• La dernière étape de ce voyage par livre interposé se déroule au lieu dit de Tendegsemie dans le Trarza. C'est là que la famille d'un ami mauritanien s'est établie et c'est là qu'il vient passer ses longs week-ends, loin de la ville bordélique et poussiéreuse qu'est Nouakchott. Cela faisait huit ans que je ne l'avais pas vu et nous voilà invités à passer une nuit avec sa famille dans la badiya (la « campagne »).

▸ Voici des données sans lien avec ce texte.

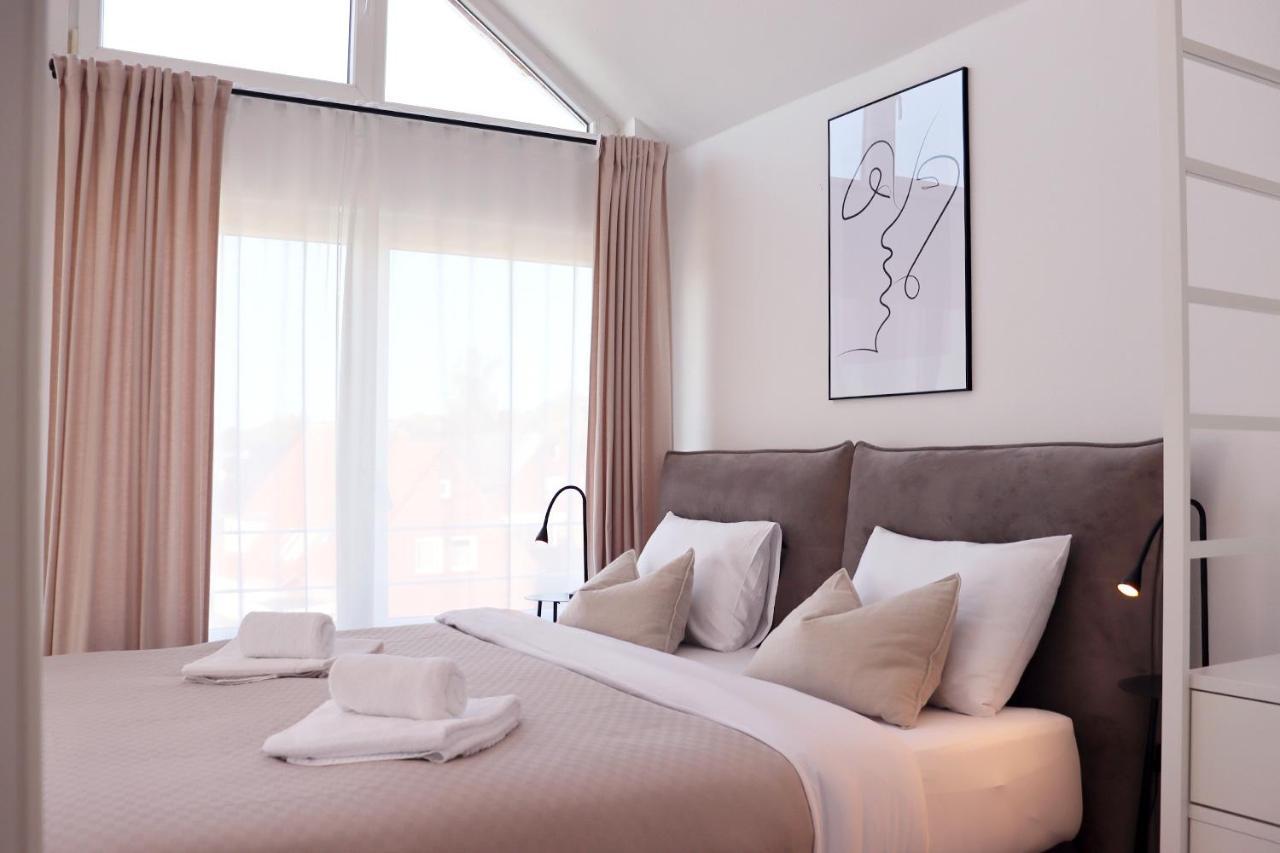 Grosse Penthouse Ferienwohnung Mit Meerblick, Sonnenterrasse & Luxusbad Von "Momentic" Sierksdorf Εξωτερικό φωτογραφία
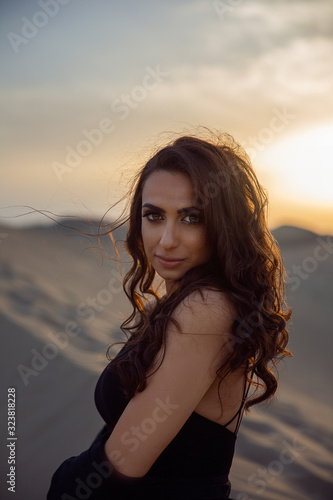 Desert Girl © PAGE7 Photo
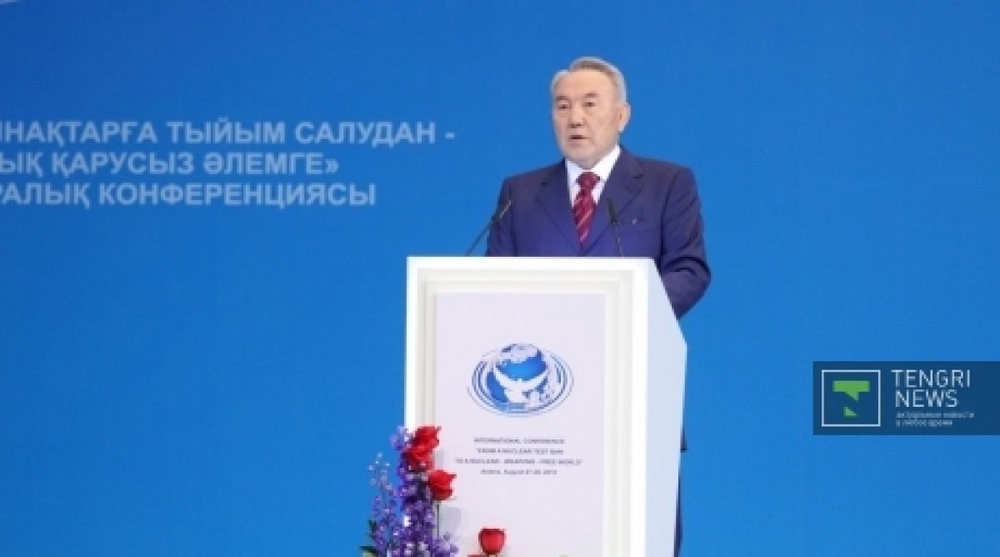 Нурсултан Назарбаев. Фото ©Даниал Окасов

    Le Trarza est strié de dunes presque fossiles qui dans ce coin forment des séries de vallées et de crêtes parallèles. Nous sommes en saison des pluies et les creux sont relativement verdoyants, parsemés d'acacias et d'autres plantes résistant au climat aride de ces parages.

    A Tendegsemie quelques bâtiments épars dans la vallée, un puits ou deux, une école, une mosquée. Sur la crête s'est établie la famille de mon ami, une famille de la noblesse lettrée du Trarza. Il y a là un bâtiment en dur d'un seul étage qui n'a pas plus de trois pièces et quelques khaima, ces tentes en poil de chèvre ou de chameau typiques des maures. Un grand tapis en fibre de plastique a été sorti devant la maison et de boisons nous attendent.

    Une fois installé je parle à Mohammed de mon livre, je lui montre. Après l'avoir feuilleté, intéressé, il me dit que son père a été directeur des Archives du pays avant de prendre sa retraite et que si je le souhaite nous pouvons le rencontrer.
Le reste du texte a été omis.